MMMF are open-end mutual funds in which investors can easily access their invested funds through the redemption of shares [1] [2]. Redeeming a share is the situation where the investors demand the cash equivalent of the invested share. In fact, MMMF is channeling through which predetermined earnings are devoted to debt securities. The major attributes of the debt securities are their quick-fix maturities as well as nominal credit risks [1]. Some of the debt securities are assessable. The examples of the debt securities within the MMMF portfolio range from U.S. Treasury securities to Eurodollar deposits. Within the continuum includes a range of securities such as the certificate of deposits (CDs) [1].

The Systemic Risks Created by MMMF Industry during the 2008 Financial Crisis

During the 2008 crisis, the MMMF held over 50% of the total deposits and were significant financial sources for short-term bank paper and repo agreements [3]. For a long time, MMMF had been taken as a perfect substitute for deposits due to their capability of holding the value of the share at $1. During the 2008 financial crisis, the majority of investors withdrew a large quantity of their invested funds resulting in a rare occurrence known as the ‘breaking the buck’, which is a liquidity phenomenon where the value of share prices drops below the required minimum of $1 [3] [4]. The fall of the value of shares below the target price caused great concern to the investors and the regulators. While how the prices of shares fell below the set $1 per share was a complex process, it became one of the greatest systemic risks posed by the MMMF to the investors and the economy during the 2008 financial crisis [4].

The Actions Taken by the Treasury and Federal Reserve Bank (FRB) to Reduce the Risks of MMMF during the 2008 Financial Crisis

The continued vulnerability of the MMMF provoked the financial regulators to establish new policies aimed at controlling MMMF. The measures taken by the treasury and the FRB were concerned with monetary and fiscal policies rather than regulations on the actions of the MMMF [5]. However, following various legislations on monetary issues, the treasury was allowed to prohibit the operations of the Exchange Utilization Fund (EUF) for the establishment of guarantees by the MMMF [5] [6].

Besides the measures taken by the treasury, the FRB established a Commercial Paper Funding Facility (CPFF) that would directly buy the commercial papers from qualified issuers instead of MMMF [5] [6]. In addition, the FRB created the Money Market Mutual Investor Fund Facility (MMMIFF) that enabled the private sectors to directly purchase the money market instruments from the MMMFs [6].
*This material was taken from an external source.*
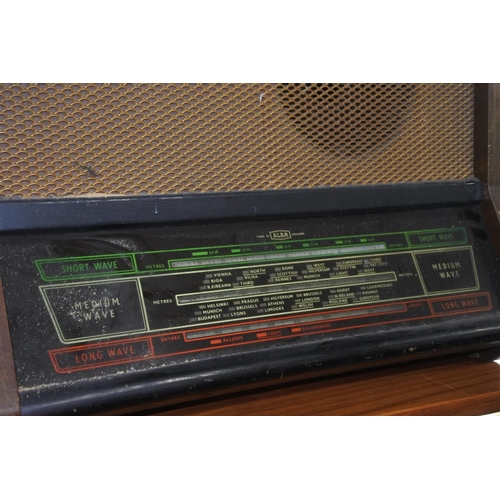 747 - A vintage wooden cased Alba radio, in need of some restoration.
The New Regulations being Proposed and Implemented by Securities and Exchange Commission (SEC) to Mitigate the Risk from Occurring

The SEC is also one of the regulatory institutions that put in place new measures to mitigate the risks posed by the actions of the MMMF. Following the continued vulnerability of the MMMF, SEC came up with three regulatory changes that have been implemented since 2008. The dogmatic changes could be categorized into three types including changes that focused on risk limitations, increased strict control of the repurchase agreements, and the special provisions for MMMF that target the minimum share prices [7][8]. In particular, under the regulations that target the minimum set on share prices, the MMMF are permitted by SCE to utilize different accounting procedures to come up with the value of securities that offer a stable share of $1.00 [7][8].

References

  1. ” Investopedia. Web.
  2. “Money market mutual funds and financial stability” Federal Reserve Bank of Cleveland, 2014. Web.
  3. ” Liberty Street Economics., 2012. Web.
  4. “Reducing systemic risk: The role of money market mutual funds as substitutes for federally insured bank deposits” Yale Law School, Connecticut. Web.
  5. “Reforming money market mutual funds: A difficult assignment” Economic Brief, 2011. Web.
  6. “The response of the federal reserve to the recent banking and financial crisis” University of Chicago, Chicago. Web.
  7. “Money market mutual funds and financial stability” Federal Reserve Bank of Boston. 2011. Web.
  8. “The crisis and the policy response” Federal Reserve Bank. 2009. Web.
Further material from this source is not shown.